1. THE WELL-PUBLICIZED SOVIET MILITARY BUILD-UP WAS A LIE

The time honored technique used to promote higher military budgets is to instill fear in the American public about the Soviet Union by referring to its increasingly massive build-up of military weapons.

Information, available to the national press but not publicized by it, reveals that U.S. leaders and militarists lied about the Soviet arms build-up and knowingly used false information to inflate Soviet military expenditures.

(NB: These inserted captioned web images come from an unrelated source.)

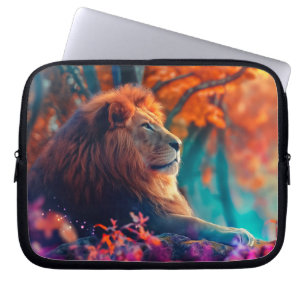 Regal-Löwe im Design Enchanted Forest Laptopschutzhülle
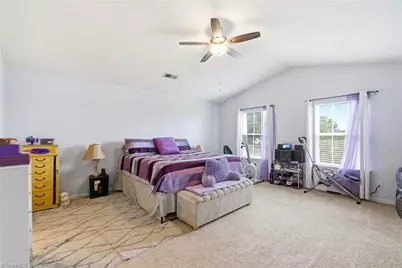 8502 Mansell Court, Charlotte, NC 28215 - Photo 25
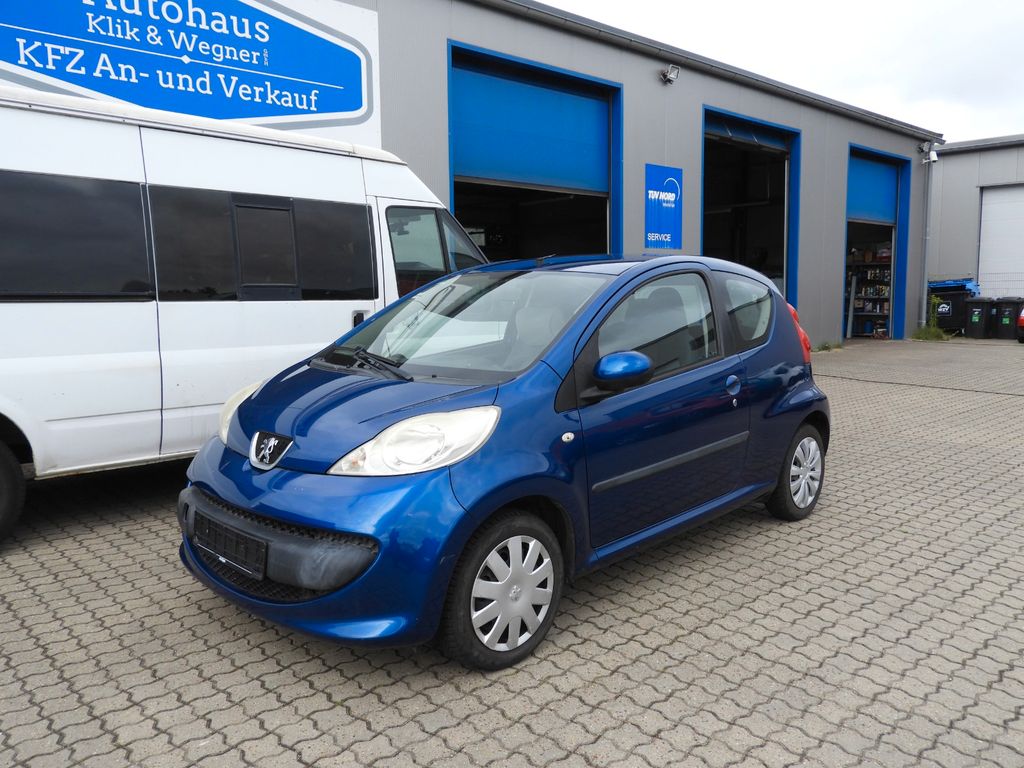 Bild des Angebotes Peugeot 107 Filou 70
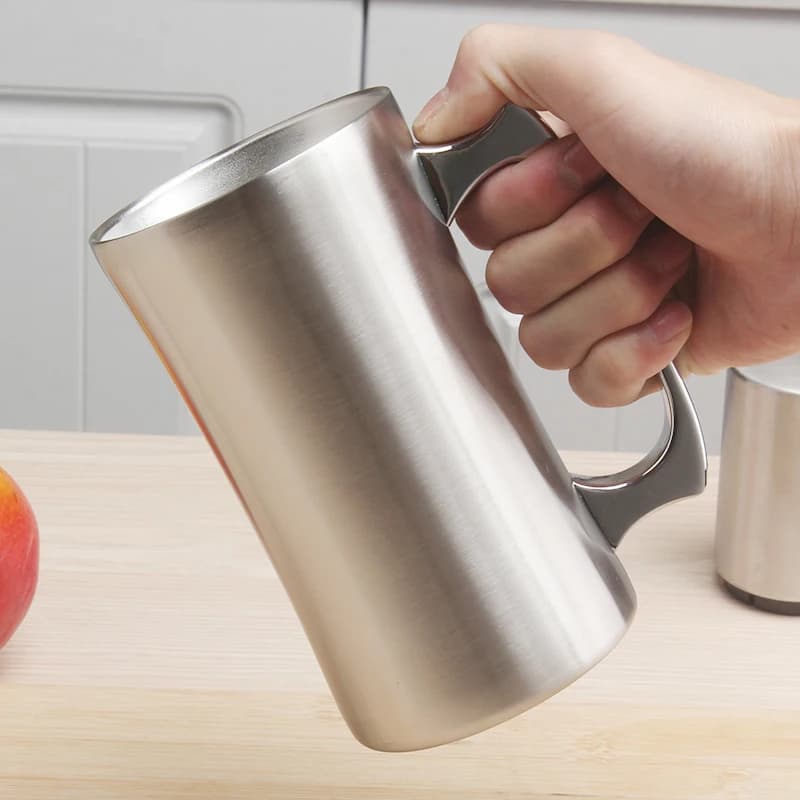 Tazza termica In Acciaio Inox Tazze Con coperchio, 20 once Tazza Grande, Doppia Parete Boccale di birra, bicchiere con Manico, Isolati Boccale di Birra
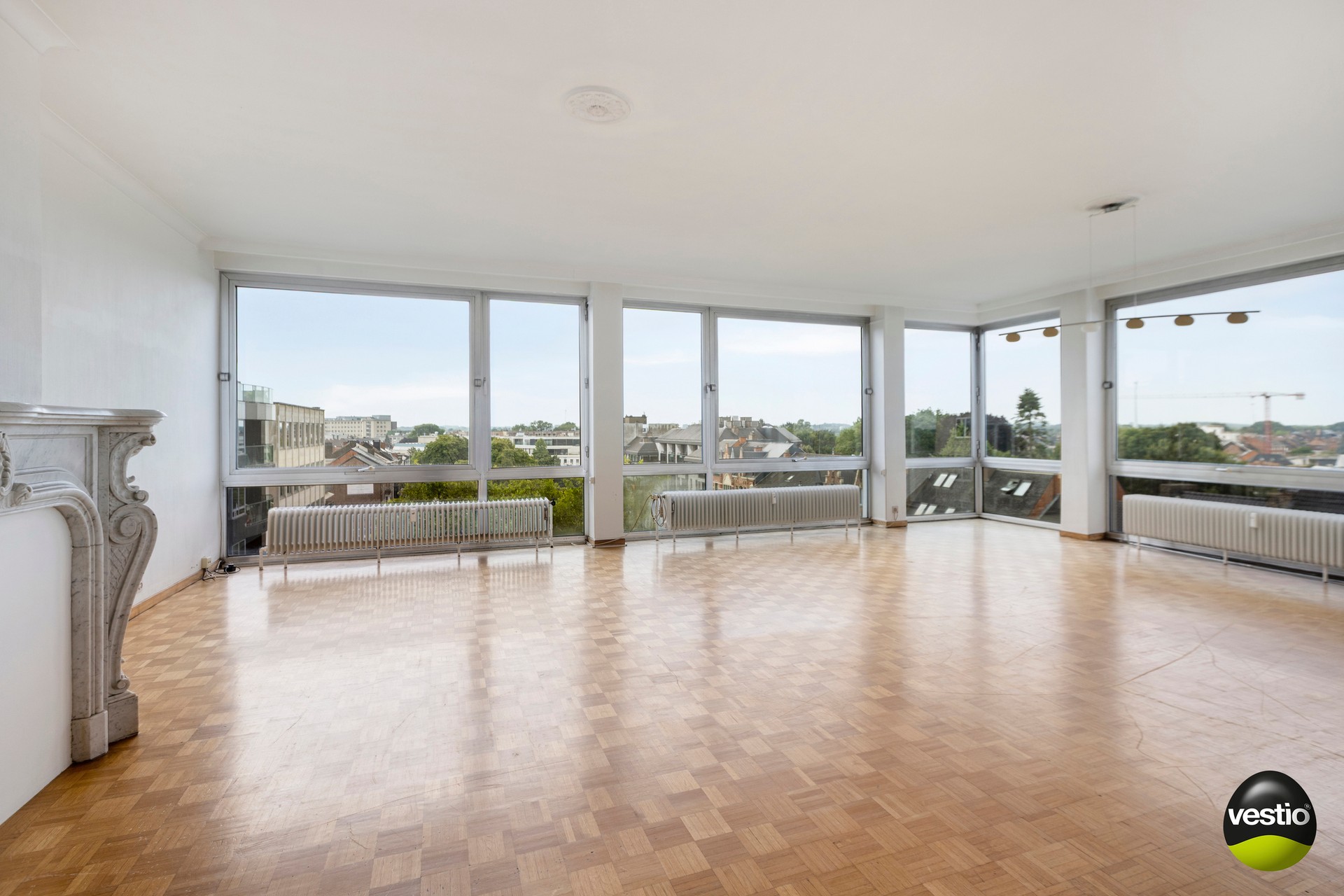 Klassevol, lichtrijk 3 slaapkamer appartement van 145 m² op het Leopoldplein. - foto 3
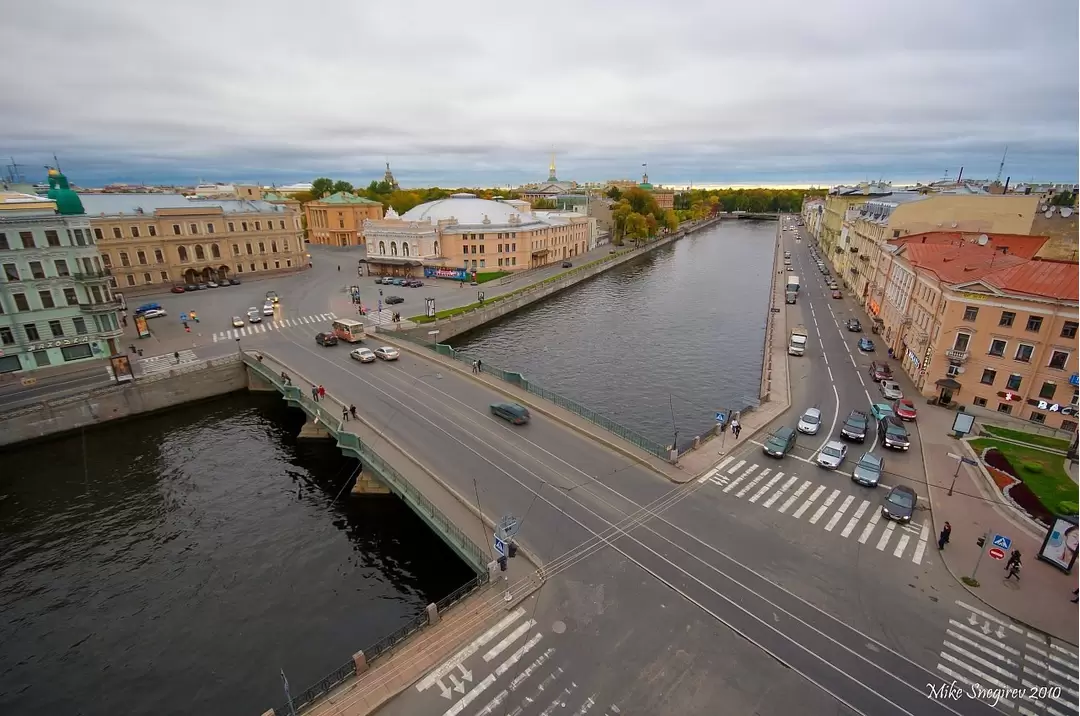 Экскурсии по крышам Санкт-Петербурга, мост Белинского и цирк Чинизелли Экскурсии по крышам Санкт-Петербурга, мост Белинского и цирк Чинизелли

First, the myth of the massive Soviet build-up: In 1983 testimony before the Joint Economic Committee, the Central Intelligence Agency (CIA) made a significant downward revision of its estimate of Soviet military spending for the period 1976-81 which went almost unreported in the press. The new estimate showed an increase of only 2% per year overall and no increase in the buying of weapons. During the same period, average annual U.S. military expenditures had a real growth rate of approximately 4% and since then have averaged 9%.

Like the bomber and missile "gaps" of the past that later proved illusory, we now find, as Senator William Proxmire said "Moscow has not been expanding its effort at the rapid rate that was once believed. It slowed its defense expansion beginning about seven years ago, a fact that the Soviets neglected to communicate and that the West failed to detect."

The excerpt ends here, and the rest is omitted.